The graph below shows how change in sleep duration impacts on performance for one team. If an individual sleeps far less than their average the night before a game, they have an increased risk of performing poorly (red zone). If an athlete sleeps either the same amount, or more than normal, there is a higher chance that they will perform well (green zone).
There are a host of other subjective metrics which are also related to performance, in addition to a number of objective variables. Below we can see the relationship between the number of jumps that a player performs in the 7 days prior to a game and their in-game performance. A large decrease in the number of jumps relates to an increased risk of poor performance (red zone).
Although this is only data for one team, we can hypothesise that this is related to undertraining either technical or physical skills components. It appears that players need to maintain frequency of jumping in order to maintain optimal performance, but we can also see an increased chance of poor performance if the player does more jumps than they are typically used to (orange zone), potentially due to fatigue leading into performance. As such, we want our players to remain within the green zone in order to continue to develop their technical, tactical and physical qualities without compromising performance in the short term.
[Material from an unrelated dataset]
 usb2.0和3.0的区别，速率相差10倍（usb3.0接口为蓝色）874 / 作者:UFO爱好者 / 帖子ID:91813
These are just 2 examples of metrics from Kitman Labs’ basketball data set. On a day-to-day basis, these thresholds or alarms are used to help either make decisions, or communicate to decision makers with objective information as opposed to subjective thought. In reality, all metrics collected by a team are analysed in relation to performance. This includes injuries, specifically absence through injury.
We have already seen that teams who have a higher amount of their quality players available across the course of an NBA season are more likely to reach the playoffs, but what is the actual impact of injuries on performance?
We can see that injuries have a huge impact on performance in the NBA – 12% of each team’s wins needed to make the playoffs is determined by health alone! What’s more, it appears that 63% of injuries across the course of a season are potentially avoidable! As such, each team is giving-up 6 wins on average to potentially avoidable injuries each season. Put simply, this is the difference between reaching the playoffs and not.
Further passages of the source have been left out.